Exercise requirements:
Using the data that follows, give again word for word the lines between the one holding "panasonic remote control-внос" and the one holding "Carousel Designs Red", inclusive. Omit the pictures.

Information provided:
....

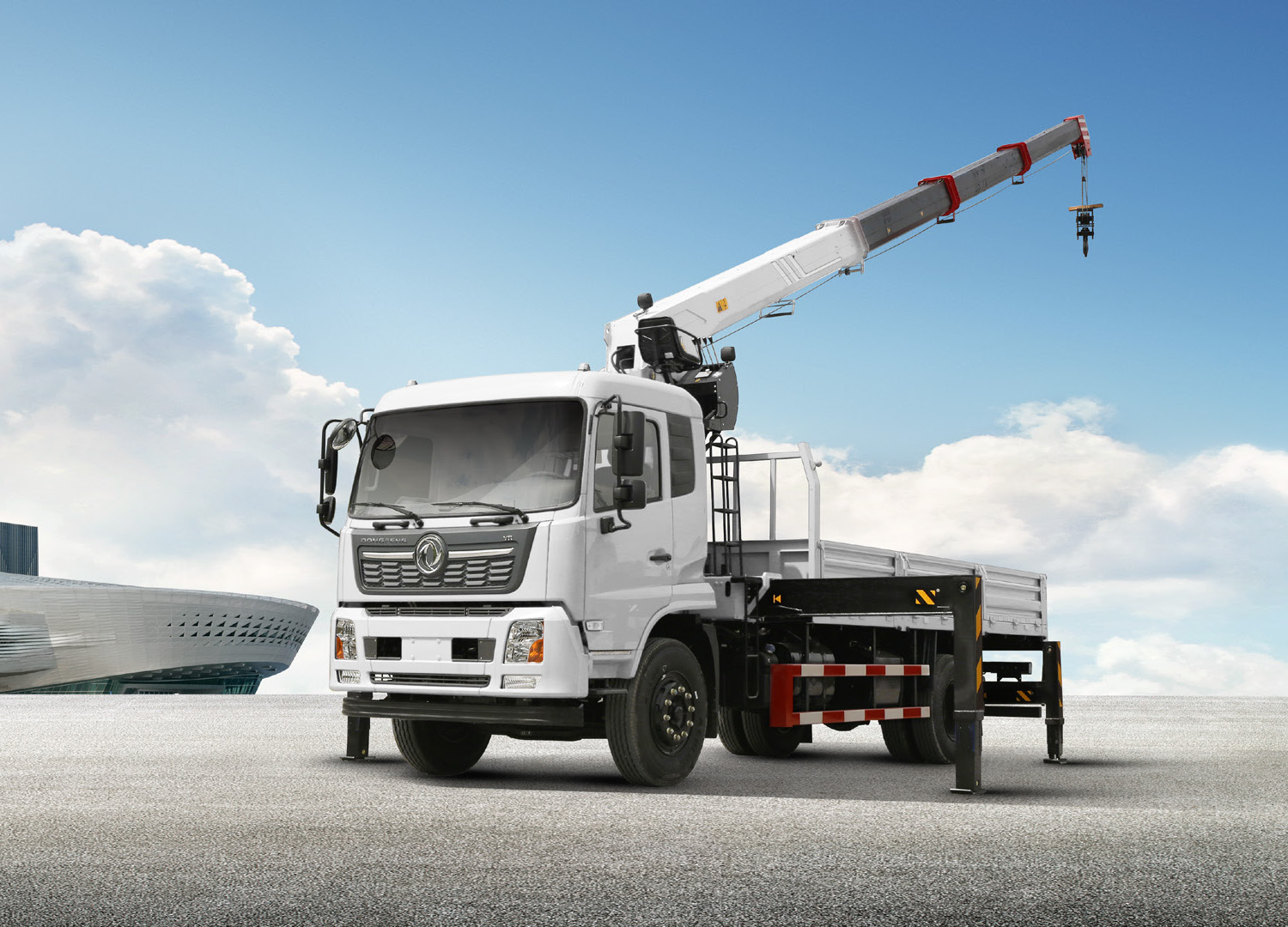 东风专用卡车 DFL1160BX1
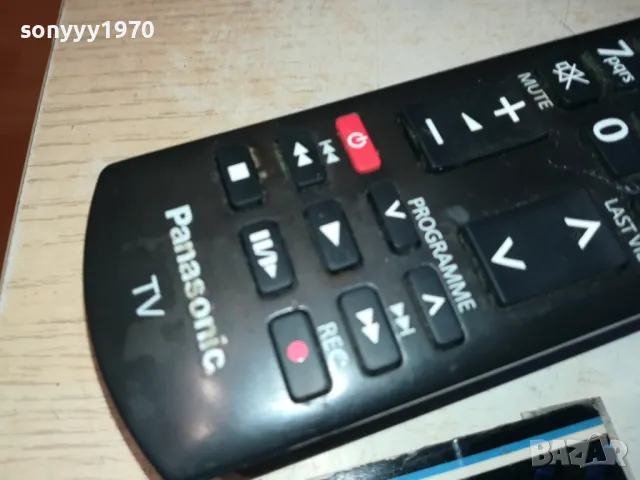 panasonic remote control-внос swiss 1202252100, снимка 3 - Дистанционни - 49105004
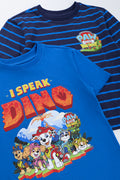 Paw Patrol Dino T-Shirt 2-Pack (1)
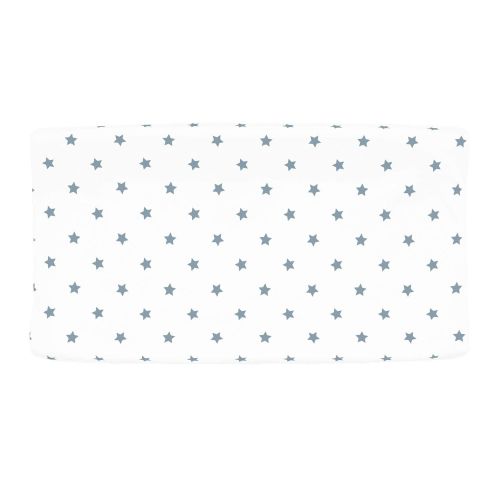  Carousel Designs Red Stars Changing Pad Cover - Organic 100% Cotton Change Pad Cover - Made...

....

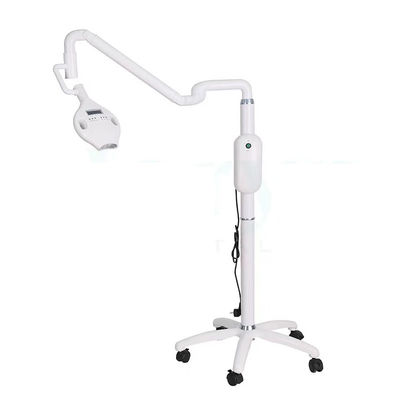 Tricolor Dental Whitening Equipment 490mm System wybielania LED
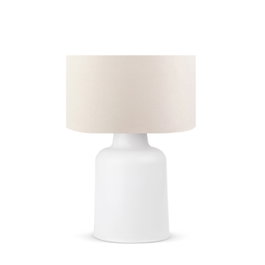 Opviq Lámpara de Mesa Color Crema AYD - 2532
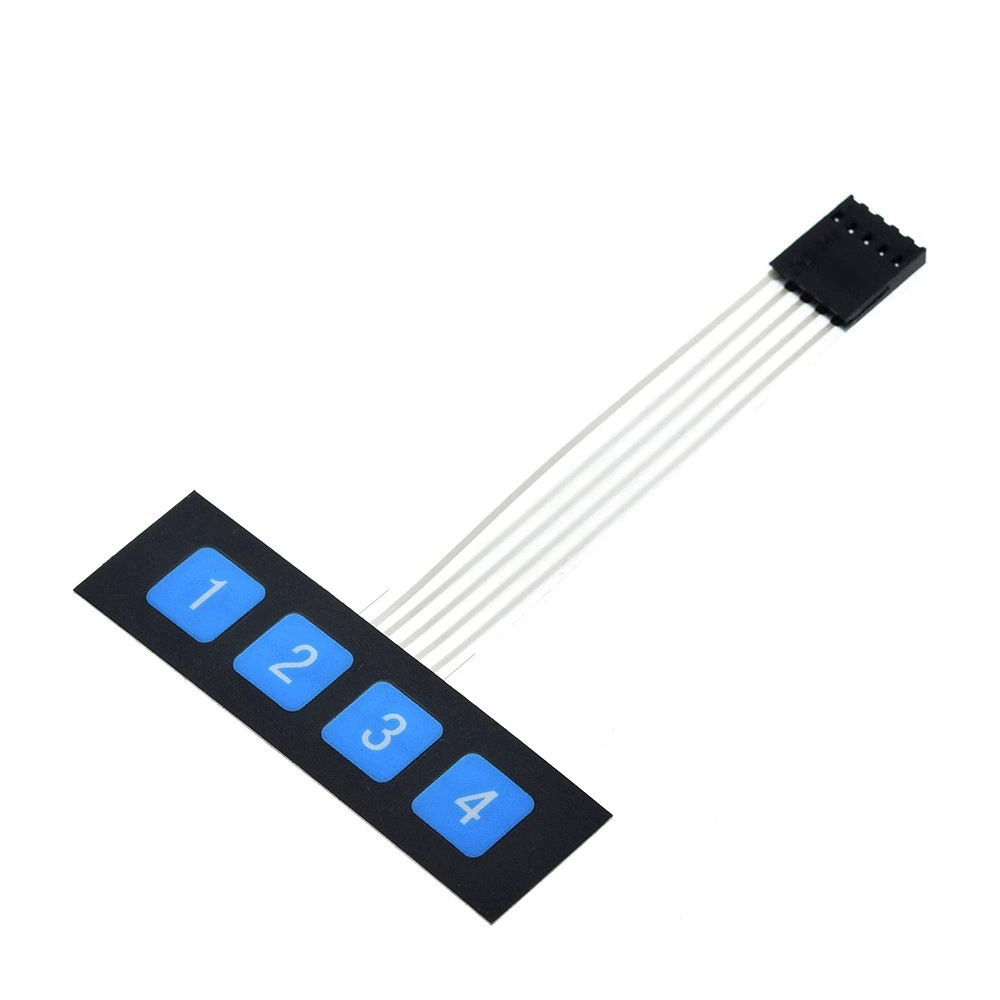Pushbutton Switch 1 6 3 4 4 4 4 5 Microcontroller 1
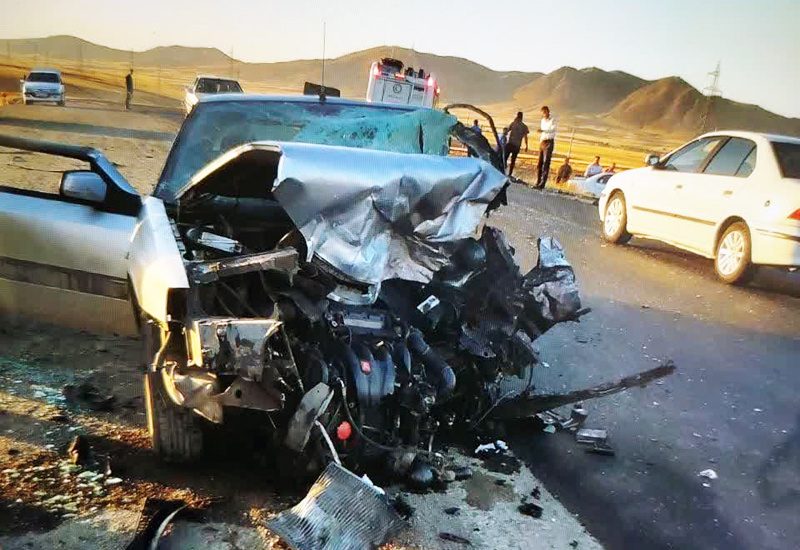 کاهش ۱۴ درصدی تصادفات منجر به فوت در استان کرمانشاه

....

Written answer:
 panasonic remote control-внос swiss 1202252100, снимка 3 - Дистанционни - 49105004
 Paw Patrol Dino T-Shirt 2-Pack (1)
  Carousel Designs Red Stars Changing Pad Cover - Organic 100% Cotton Change Pad Cover - Made...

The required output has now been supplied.